**WHAT YOU SHOULD DO:**
Copy out precisely the lines from the start of the data through the line with "simple sword Dark Repulser preview image 1", and keep pictures out of it.

**RECORDS:**
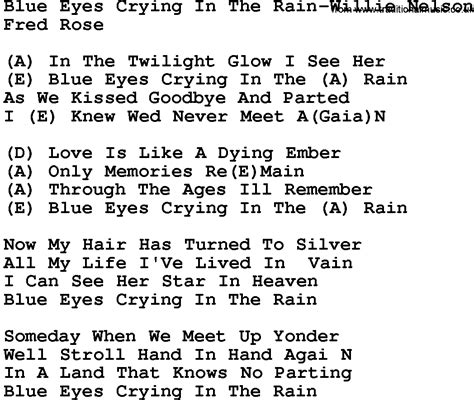 blue eyes crying lyrics|willie nelson song blue.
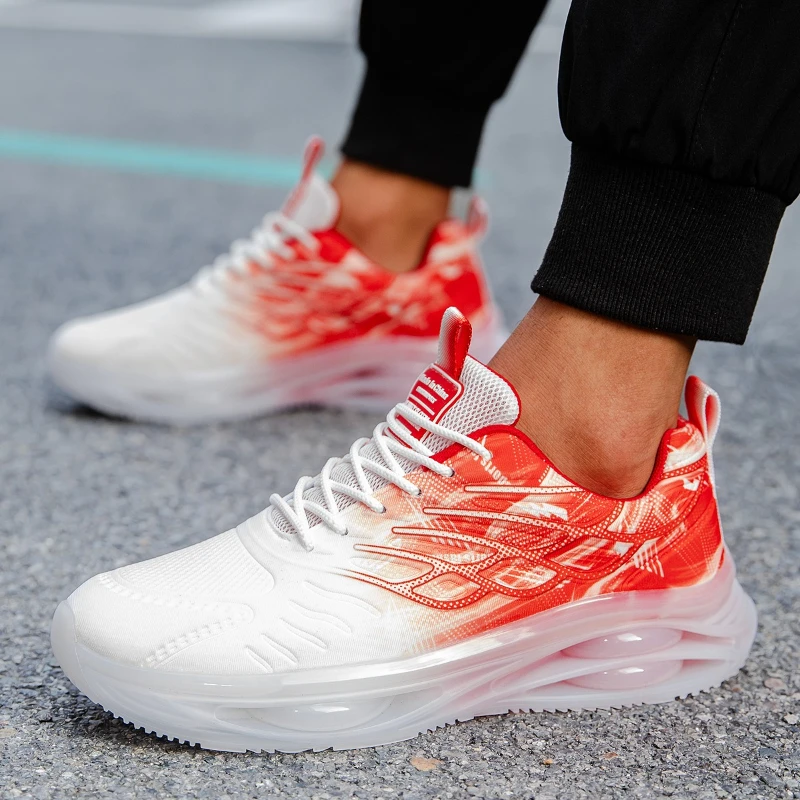 Herren-Laufschuhe, Sportschuhe für Studenten, stoßdämpfende, atmungsaktive Mesh-Schuhe, Herrenschuhe in großen Größen, lässige Sneaker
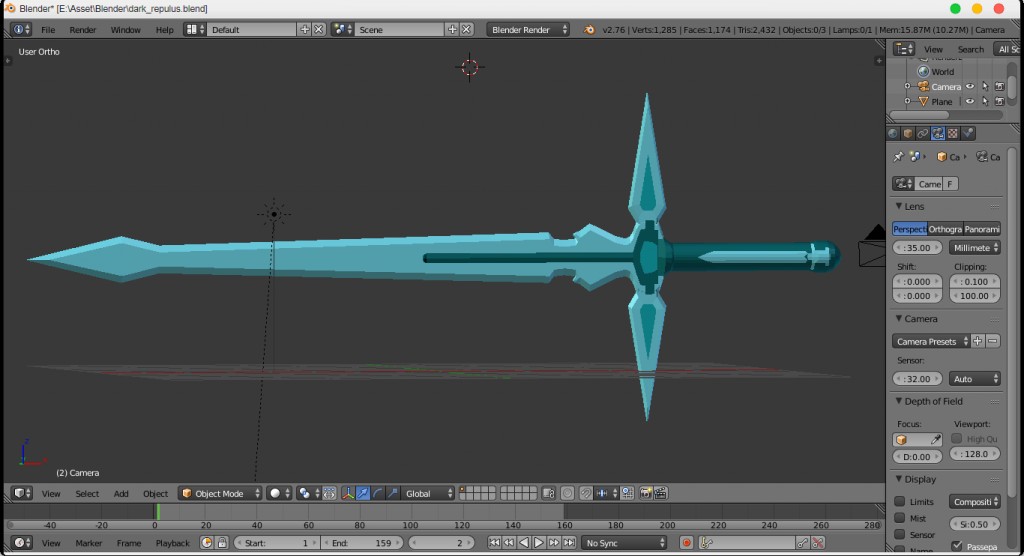 simple sword Dark Repulser preview image 1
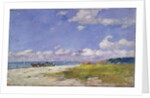 The Beach at Trouville, c.1887-96 by Eugene Louis Boudin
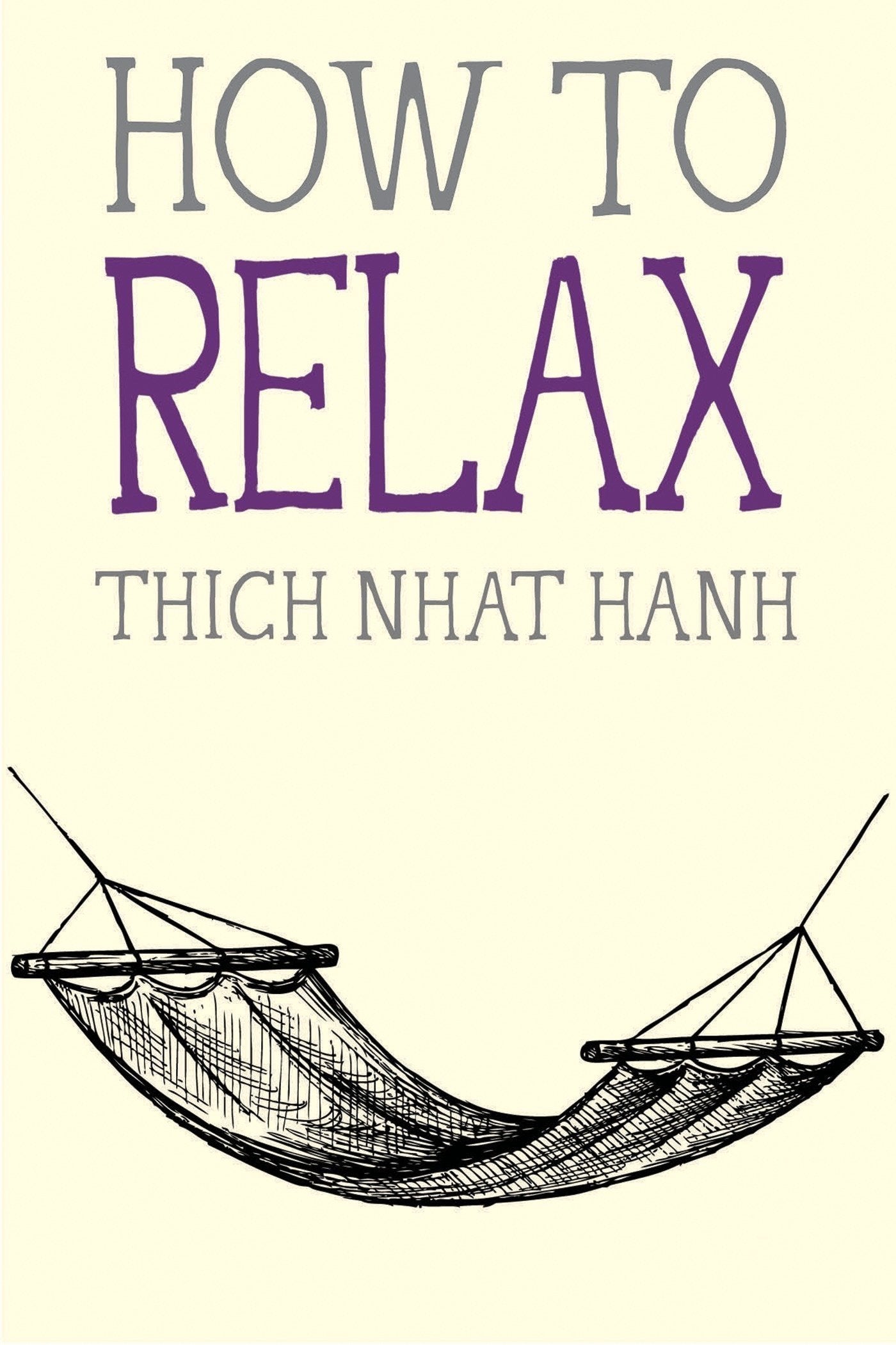 Cover of How to Relax by Thich Nhat Hanh.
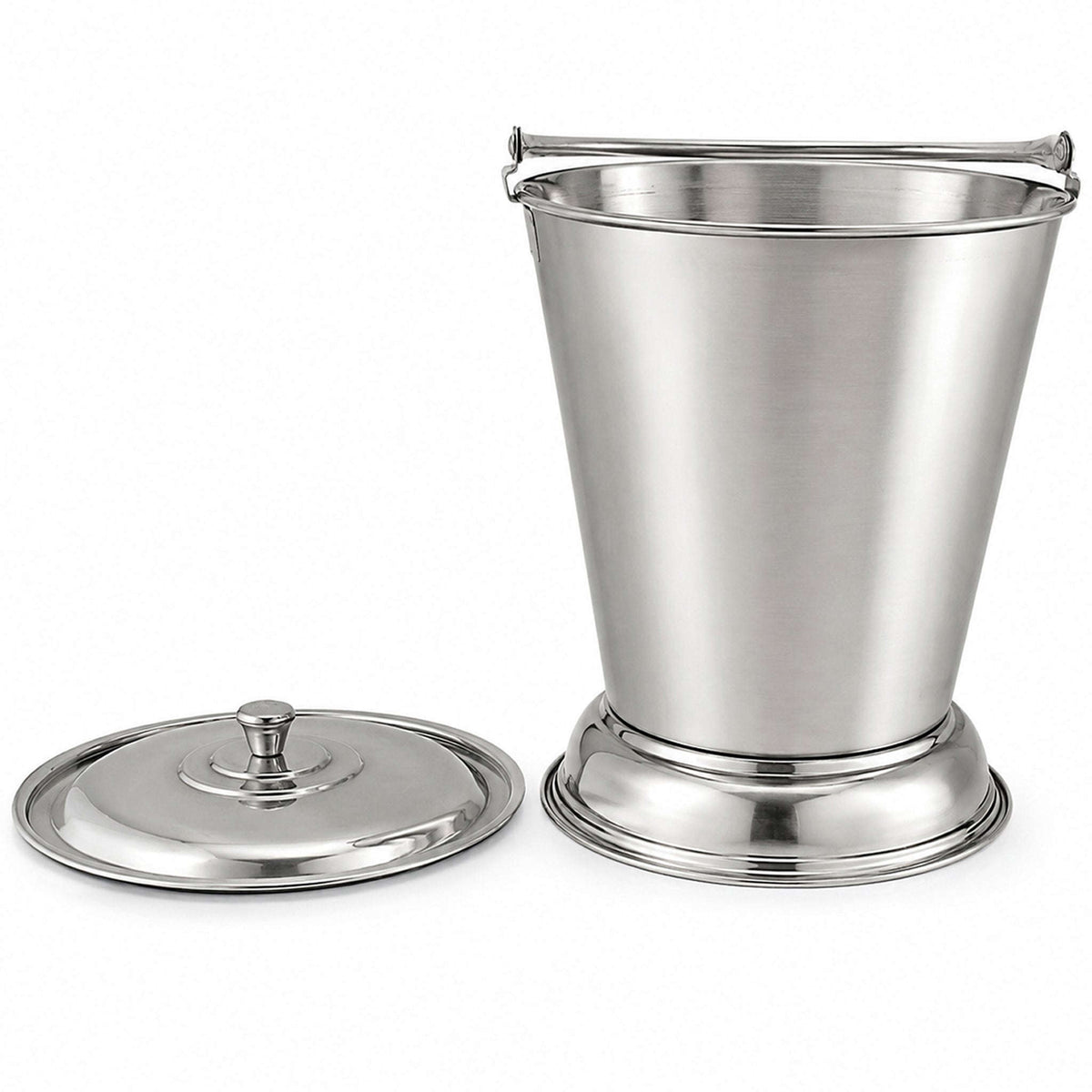 R/S Stainless Steel Balti Bucket With Lid Kaka Bawa Sons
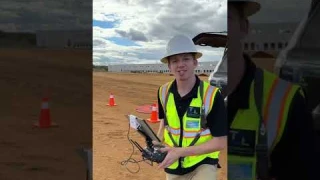 Flying Drone Photogrammetry at Construction Site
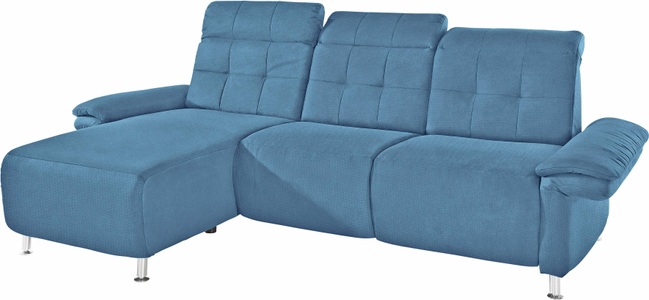 PLACES OF STYLE, Places of Style Ecksofa »Manhattan«, 2 Sitze mit elektrischer Relaxfunktion, verstellbare Armlehnen, Home affaire Ecksofa »Manhattan L-Form« 2 Sitze mit elektrischer Relaxfunktion, verstellbare Armlehnen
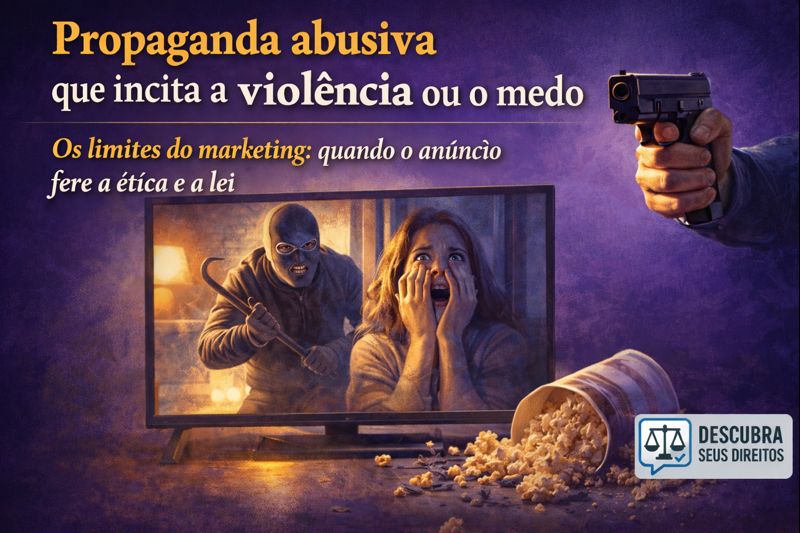 Propaganda abusiva que incita a violência ou o medo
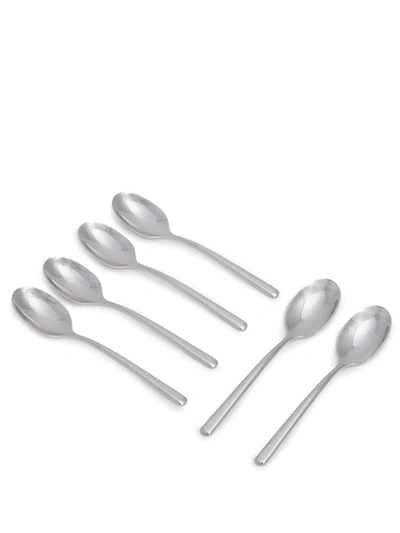 Sambonet Taste Espresso Spoon Set (set Of 6) In Silver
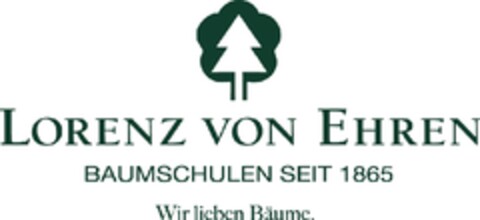 LORENZ VON EHREN | BAUMSCHULEN SEIT 1865 | Wir lieben Bäume. Logo (EUIPO, 24.10.2012)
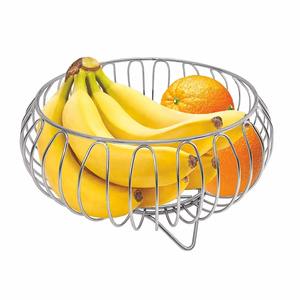 Cesta de frutas metálica modernista que aporta elegancia atemporal y encanto moderno a cualquier espacio de cocina. - Product Image 1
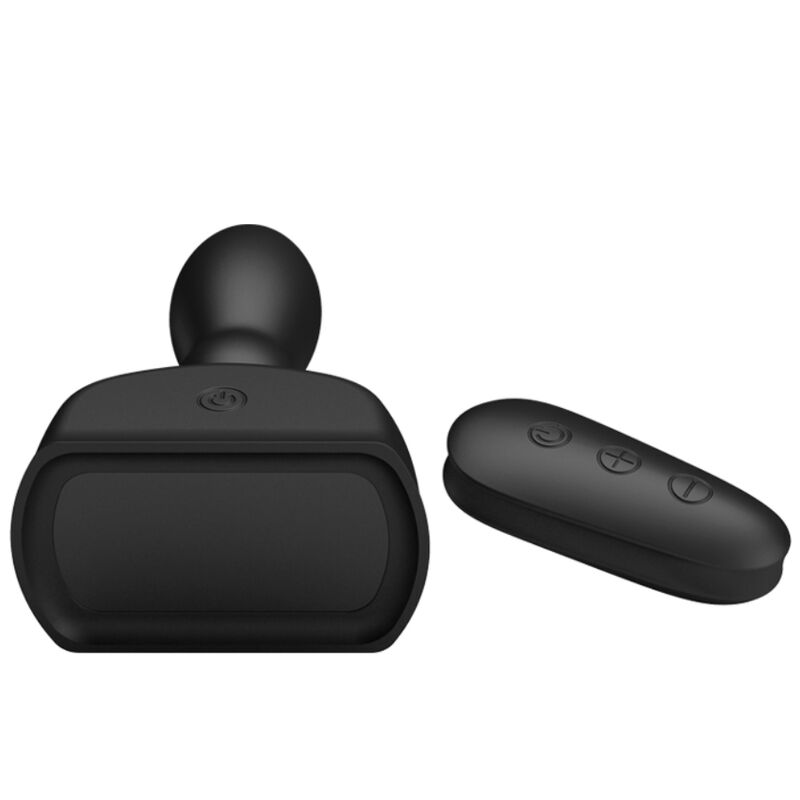 MR PLAY - PLUG ANAL HINCHABLE NEGRO CONTROL REMOTO - Imagen 4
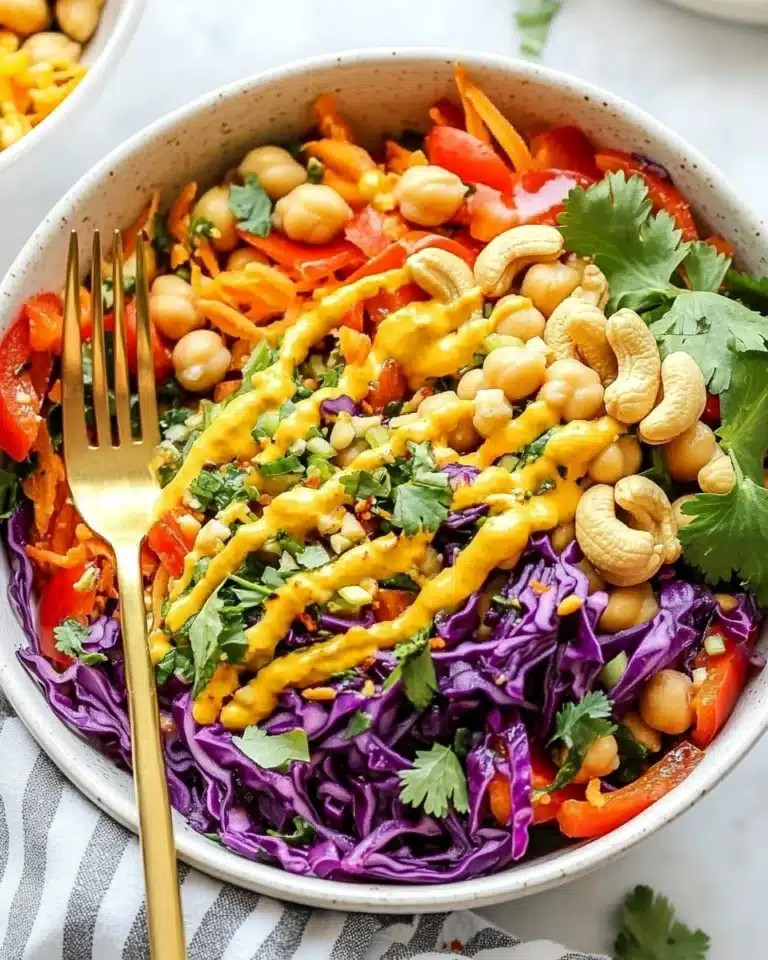 Chopped Thai-Inspired Chickpea Salad with Curry Peanut Dressing Recipe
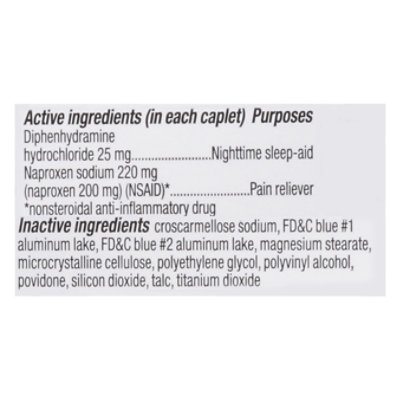 Signature Select/Care Naproxen Sodium Pm Caplets 220mg - 50 CT - Image 4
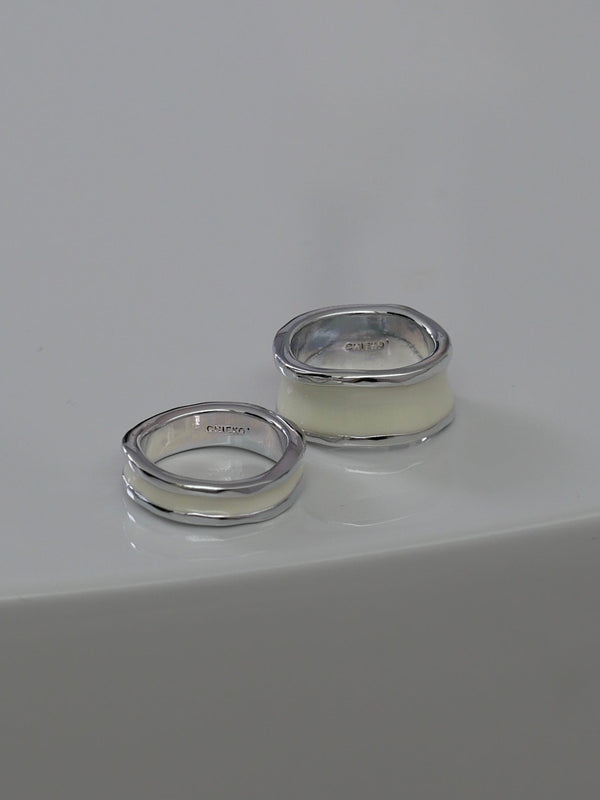 16. silver bobbin † white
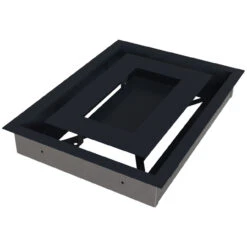 Design Lüftungsgitter / Revisionsgitter Wind Graphit -Besten Kamin Laden kratki l ftungsgitter wind 22x30 graphit4 1280x1280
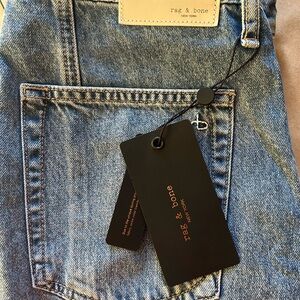 NWT: Rag & Bone: Marina Wide-legged denim jeans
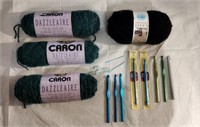 4 skeins of Yarn + Crochet Hooks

**TASK OUTPUT:**
 blue eyes crying lyrics|willie nelson song blue.
 Herren-Laufschuhe, Sportschuhe für Studenten, stoßdämpfende, atmungsaktive Mesh-Schuhe, Herrenschuhe in großen Größen, lässige Sneaker
 simple sword Dark Repulser preview image 1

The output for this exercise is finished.